Congress Should Modernize Credit Union Field-of-Membership Rules

By Jason Stverak

If Congress is serious about expanding financial access, it should modernize credit union field-of-membership (FOM) rules. An outdated federal framework still limits who many credit unions can serve, even when those institutions are ready to step into communities that traditional banks have left behind.

The need is not theoretical. The Federal Reserve Bank of Atlanta reported that the rate of bank branch closures doubled after 2020 and that 12.3 million people were living in banking deserts in 2023. From 2019 to 2023, the number of branches fell 5.6% overall. The FDIC’s latest national survey also found that 4.2% of U.S. households, about 5.6 million households, were unbanked in 2023, while 14.2%, about 19 million households, were underbanked. In too many rural communities and underserved neighborhoods, access to safe, affordable financial services is basic economic infrastructure.

For military families and veterans, the stakes are even higher.

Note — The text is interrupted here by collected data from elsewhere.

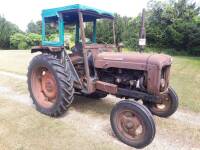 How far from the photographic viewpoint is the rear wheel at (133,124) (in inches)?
140

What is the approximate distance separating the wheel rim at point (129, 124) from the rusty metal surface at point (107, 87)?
28.7 inches

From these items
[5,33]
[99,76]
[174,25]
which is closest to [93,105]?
[99,76]

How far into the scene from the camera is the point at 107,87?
4.59 m

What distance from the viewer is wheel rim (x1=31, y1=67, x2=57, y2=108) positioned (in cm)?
500

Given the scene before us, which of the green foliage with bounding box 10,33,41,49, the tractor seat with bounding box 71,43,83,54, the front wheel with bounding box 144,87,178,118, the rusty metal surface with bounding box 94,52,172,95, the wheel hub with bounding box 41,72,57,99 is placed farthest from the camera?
the green foliage with bounding box 10,33,41,49

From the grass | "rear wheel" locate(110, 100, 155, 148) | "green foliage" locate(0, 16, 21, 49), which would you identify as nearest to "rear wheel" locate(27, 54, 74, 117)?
the grass

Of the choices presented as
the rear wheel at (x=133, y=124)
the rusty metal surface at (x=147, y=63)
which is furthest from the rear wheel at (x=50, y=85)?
the rear wheel at (x=133, y=124)

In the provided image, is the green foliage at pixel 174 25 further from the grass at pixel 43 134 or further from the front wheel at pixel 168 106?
the grass at pixel 43 134

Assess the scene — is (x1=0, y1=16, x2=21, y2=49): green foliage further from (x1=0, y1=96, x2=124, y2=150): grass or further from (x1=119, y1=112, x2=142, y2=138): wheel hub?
(x1=119, y1=112, x2=142, y2=138): wheel hub

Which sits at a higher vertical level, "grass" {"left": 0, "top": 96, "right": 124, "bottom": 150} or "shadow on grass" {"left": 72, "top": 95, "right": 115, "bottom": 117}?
"shadow on grass" {"left": 72, "top": 95, "right": 115, "bottom": 117}

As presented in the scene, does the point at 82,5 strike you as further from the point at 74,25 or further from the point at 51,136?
the point at 51,136

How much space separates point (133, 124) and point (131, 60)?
3.75 ft

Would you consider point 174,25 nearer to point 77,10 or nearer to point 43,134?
point 77,10

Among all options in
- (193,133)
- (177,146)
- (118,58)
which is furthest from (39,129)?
(193,133) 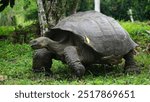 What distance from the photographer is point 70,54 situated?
6805 mm

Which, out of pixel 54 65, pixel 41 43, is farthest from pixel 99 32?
pixel 54 65

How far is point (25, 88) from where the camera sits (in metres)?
5.27

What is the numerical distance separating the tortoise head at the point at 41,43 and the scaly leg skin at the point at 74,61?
1.10 ft

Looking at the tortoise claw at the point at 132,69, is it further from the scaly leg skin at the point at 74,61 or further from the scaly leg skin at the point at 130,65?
the scaly leg skin at the point at 74,61

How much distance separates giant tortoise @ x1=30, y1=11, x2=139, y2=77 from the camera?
6855mm

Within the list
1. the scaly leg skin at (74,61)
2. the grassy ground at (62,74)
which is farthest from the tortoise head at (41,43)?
the grassy ground at (62,74)

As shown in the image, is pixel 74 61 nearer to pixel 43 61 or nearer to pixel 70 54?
pixel 70 54

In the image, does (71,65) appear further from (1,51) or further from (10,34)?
(10,34)

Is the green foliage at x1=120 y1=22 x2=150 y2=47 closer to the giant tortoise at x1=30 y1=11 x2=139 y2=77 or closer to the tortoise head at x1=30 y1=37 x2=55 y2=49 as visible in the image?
the giant tortoise at x1=30 y1=11 x2=139 y2=77

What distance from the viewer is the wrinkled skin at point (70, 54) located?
22.2 feet

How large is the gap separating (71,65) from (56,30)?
0.67 meters

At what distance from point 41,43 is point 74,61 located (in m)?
0.58

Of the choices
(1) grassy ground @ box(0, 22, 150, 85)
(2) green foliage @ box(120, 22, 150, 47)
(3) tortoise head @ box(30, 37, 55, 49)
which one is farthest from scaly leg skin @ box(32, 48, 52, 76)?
(2) green foliage @ box(120, 22, 150, 47)

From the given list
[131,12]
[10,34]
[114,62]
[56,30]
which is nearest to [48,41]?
[56,30] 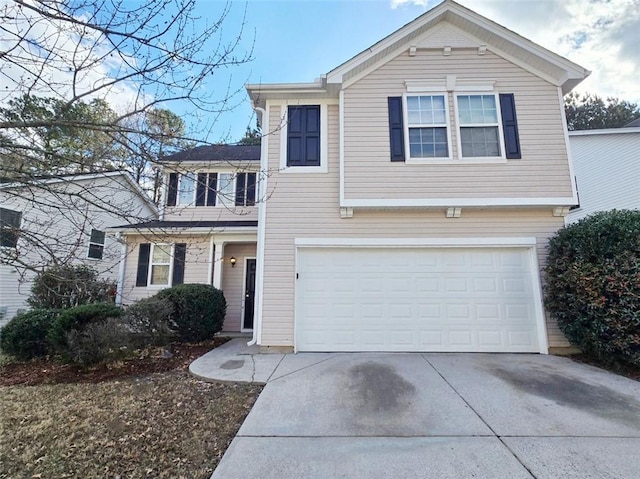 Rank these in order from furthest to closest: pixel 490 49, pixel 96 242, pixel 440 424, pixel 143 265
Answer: pixel 96 242, pixel 143 265, pixel 490 49, pixel 440 424

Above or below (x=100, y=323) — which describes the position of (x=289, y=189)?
above

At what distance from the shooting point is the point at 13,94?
9.93 ft

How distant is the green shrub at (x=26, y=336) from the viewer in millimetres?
6184

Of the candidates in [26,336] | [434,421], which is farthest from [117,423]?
[26,336]

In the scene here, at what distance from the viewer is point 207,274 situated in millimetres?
9141

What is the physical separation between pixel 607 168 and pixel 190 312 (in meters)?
14.2

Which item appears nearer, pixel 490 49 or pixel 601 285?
pixel 601 285

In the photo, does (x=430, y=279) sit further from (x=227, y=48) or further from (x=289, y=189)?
(x=227, y=48)

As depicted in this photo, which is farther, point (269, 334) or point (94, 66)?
point (269, 334)

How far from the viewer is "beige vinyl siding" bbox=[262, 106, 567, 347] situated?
618cm

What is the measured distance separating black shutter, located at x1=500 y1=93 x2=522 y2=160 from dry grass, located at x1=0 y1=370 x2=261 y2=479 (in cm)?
650

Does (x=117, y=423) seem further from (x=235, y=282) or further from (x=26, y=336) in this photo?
(x=235, y=282)

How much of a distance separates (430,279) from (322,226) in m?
2.47

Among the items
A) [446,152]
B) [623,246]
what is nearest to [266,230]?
[446,152] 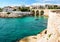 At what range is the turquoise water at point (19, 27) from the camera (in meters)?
3.79

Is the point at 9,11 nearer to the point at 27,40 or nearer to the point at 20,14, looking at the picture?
the point at 20,14

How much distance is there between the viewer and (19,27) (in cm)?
389

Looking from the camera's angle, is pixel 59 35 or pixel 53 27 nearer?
pixel 59 35

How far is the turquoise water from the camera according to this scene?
3.79 metres

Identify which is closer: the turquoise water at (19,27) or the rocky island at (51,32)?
the rocky island at (51,32)

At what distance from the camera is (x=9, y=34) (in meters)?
3.79

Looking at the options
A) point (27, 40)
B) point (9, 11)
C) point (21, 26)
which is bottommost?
point (27, 40)

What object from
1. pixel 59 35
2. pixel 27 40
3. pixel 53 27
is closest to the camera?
pixel 59 35

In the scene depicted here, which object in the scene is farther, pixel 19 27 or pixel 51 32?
pixel 19 27

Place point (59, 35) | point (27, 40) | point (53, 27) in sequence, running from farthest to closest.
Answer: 1. point (27, 40)
2. point (53, 27)
3. point (59, 35)

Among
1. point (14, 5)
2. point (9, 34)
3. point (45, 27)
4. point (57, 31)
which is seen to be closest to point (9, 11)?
point (14, 5)

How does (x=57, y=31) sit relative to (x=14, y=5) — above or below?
below

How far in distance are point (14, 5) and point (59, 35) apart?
1.13 meters

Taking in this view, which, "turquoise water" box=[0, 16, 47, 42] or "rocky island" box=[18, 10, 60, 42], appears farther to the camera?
"turquoise water" box=[0, 16, 47, 42] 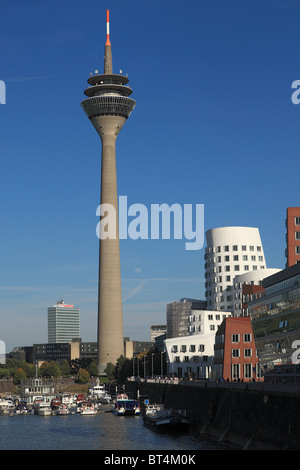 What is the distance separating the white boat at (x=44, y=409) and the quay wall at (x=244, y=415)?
41568 millimetres

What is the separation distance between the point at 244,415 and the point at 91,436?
30946 millimetres

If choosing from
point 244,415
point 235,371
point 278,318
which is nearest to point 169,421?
point 278,318

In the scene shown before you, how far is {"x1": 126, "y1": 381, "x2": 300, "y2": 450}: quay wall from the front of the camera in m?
79.8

In a previous support letter, DCUC emphasized that many military communities are located in towns and rural areas scattered across the country, and that too many unbanked or underbanked veterans still need better access to the financial system. That letter also pointed out that the Veterans Administration still relies in part on paper checks and prepaid debit cards, tools that can be lost and that do not offer the same stability as a full banking relationship. Congress should not force these communities to wait for service when mission-driven credit unions are ready to provide it.

Straightforward Policy

The policy case is straightforward. The National Credit Union Administration explains that a credit union’s field of membership determines who is eligible to join and access financial products and services, and the Federal Credit Union Act says one of the purposes of federal credit unions is to serve the productive and provident credit needs of individuals of modest means. NCUA has also said that underserved-area expansion has already enabled millions of consumers to gain access to affordable financial services. But America’s Credit Unions has been explicit that legislation is still necessary to relax statutory limitations and allow all credit unions to add underserved areas to their FOM. Regulatory streamlining helps, but Congress must address the statutory barrier if it wants a durable national solution.

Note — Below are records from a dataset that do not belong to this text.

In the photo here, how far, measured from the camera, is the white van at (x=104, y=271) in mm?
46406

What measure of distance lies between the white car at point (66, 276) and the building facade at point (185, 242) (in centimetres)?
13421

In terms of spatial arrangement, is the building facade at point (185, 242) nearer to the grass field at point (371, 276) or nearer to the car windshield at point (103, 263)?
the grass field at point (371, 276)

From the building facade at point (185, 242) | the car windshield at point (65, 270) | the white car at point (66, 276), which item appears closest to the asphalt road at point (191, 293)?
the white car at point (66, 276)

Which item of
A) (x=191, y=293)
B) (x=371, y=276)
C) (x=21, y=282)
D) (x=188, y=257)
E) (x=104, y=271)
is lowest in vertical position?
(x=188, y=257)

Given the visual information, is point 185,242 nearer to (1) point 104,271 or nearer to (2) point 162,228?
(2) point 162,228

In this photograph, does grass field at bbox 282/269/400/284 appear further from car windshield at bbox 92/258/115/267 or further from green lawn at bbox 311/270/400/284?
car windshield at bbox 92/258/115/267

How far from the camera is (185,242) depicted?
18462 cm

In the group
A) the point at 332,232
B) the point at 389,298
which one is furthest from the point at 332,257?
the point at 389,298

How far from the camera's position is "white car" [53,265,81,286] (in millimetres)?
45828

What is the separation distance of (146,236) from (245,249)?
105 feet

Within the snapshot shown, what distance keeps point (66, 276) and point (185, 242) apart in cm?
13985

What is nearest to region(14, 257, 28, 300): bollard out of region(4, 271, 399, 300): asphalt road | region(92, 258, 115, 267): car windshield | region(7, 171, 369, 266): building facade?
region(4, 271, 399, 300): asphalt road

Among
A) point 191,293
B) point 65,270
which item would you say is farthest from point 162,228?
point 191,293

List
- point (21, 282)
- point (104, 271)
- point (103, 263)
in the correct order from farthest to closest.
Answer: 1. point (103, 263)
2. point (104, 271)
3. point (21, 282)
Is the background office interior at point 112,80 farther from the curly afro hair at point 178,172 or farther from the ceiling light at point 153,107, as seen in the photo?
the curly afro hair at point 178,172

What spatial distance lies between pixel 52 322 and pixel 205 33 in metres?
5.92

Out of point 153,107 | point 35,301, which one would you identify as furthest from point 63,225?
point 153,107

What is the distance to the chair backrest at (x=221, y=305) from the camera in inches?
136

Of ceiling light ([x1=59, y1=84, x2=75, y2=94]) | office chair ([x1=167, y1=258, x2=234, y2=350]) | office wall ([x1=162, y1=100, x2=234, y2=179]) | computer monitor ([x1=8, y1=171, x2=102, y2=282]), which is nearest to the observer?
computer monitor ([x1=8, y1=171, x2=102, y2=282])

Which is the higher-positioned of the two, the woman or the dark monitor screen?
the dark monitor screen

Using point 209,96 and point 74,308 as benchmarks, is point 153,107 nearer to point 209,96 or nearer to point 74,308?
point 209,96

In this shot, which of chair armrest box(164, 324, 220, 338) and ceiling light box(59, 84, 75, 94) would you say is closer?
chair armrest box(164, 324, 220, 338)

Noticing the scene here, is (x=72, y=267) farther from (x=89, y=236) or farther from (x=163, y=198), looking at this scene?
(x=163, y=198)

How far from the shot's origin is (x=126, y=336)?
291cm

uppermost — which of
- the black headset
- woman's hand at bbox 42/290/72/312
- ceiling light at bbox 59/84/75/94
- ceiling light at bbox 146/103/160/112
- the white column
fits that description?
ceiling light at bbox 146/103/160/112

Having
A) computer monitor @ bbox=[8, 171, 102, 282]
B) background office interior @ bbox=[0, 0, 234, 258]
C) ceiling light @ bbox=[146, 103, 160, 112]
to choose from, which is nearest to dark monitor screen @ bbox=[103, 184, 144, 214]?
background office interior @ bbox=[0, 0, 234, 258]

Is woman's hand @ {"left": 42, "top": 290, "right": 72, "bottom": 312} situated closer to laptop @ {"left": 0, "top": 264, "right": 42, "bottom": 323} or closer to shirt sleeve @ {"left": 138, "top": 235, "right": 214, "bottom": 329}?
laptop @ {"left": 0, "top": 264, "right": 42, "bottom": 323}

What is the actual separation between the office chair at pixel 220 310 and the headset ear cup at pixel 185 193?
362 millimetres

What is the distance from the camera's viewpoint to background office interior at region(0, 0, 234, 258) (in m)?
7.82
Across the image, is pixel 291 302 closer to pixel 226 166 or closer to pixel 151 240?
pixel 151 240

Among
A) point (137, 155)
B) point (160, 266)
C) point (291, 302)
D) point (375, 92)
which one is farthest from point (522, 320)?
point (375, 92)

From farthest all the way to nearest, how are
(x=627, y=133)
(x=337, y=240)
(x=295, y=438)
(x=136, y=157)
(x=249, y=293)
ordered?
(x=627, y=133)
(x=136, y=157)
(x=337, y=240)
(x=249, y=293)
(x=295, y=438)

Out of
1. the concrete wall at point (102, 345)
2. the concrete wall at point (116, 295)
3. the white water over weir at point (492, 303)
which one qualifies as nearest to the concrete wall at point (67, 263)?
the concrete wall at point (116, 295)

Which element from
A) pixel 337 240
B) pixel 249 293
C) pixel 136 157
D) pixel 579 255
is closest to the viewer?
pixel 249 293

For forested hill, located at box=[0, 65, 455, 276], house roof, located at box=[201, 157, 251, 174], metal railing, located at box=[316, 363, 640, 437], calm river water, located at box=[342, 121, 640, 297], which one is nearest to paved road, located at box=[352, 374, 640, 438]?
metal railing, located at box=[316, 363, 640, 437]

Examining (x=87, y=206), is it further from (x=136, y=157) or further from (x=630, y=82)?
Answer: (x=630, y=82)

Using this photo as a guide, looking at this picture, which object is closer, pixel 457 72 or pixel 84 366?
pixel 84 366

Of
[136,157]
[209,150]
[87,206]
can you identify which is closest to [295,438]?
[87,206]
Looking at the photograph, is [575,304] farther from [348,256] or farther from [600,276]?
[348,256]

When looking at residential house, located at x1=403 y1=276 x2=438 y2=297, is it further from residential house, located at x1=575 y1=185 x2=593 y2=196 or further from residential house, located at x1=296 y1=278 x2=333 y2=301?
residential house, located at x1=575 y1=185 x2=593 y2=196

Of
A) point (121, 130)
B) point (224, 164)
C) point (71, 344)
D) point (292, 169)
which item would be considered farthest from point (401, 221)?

There are clear positives to doing so. FOM expansion would increase consumer choice, strengthen local competition, and give more families access to lower-cost loans, safe deposit accounts, and financial counseling. It would also help new and smaller credit unions grow into viable community institutions. In a 2025 letter to the House Financial Services Committee, DCUC warned that restrictive field-of-membership rules can hamstring de novo credit unions and make it harder for new entrants to compete. Broadening eligibility is not deregulation without guardrails: NCUA already requires detailed business plans showing how a credit union will serve an underserved area, what products it will offer, how it will reach people of modest means, and how it will maintain service in the community. Maxine Waters’ bill adds another layer of oversight for larger credit unions seeking to serve banking deserts.

Predictably, banker groups object whenever credit unions seek to expand. But banks fearing competition is not a valid reason to deny consumers more options. If a bank chooses to close branches, consolidate, or avoid harder-to-serve markets, public policy should not lock those communities out of alternative providers. That is their prerogative. Congress, however, is supposed to serve the public interest, not protect incumbents from competition.

Practical Financial Tools

Lawmakers could begin with a legislative approach that would allow all federal credit unions to add underserved areas, exempt certain business loans in low-income areas from the member business lending cap, and expand the definition of a low-income credit union to include areas more than 10 miles from the nearest branch of a financial institution. DCUC supports those ideas because they would direct more credit and more practical financial tools into communities that have been overlooked for too long.

Congress says it wants more competition, more financial inclusion, and stronger community lenders. FOM expansion is one of the clearest ways to deliver all three. This is not a loophole. It is a modernization of outdated law so credit unions can do what they were created to do: serve people of modest means, especially where the market has failed to do so. Congress should pass field-of-membership expansion legislation and let credit unions bring affordable financial services to the people and places that need them most.

Jason Stverak is Chief Advocacy Officer at the Defense Credit Union Council.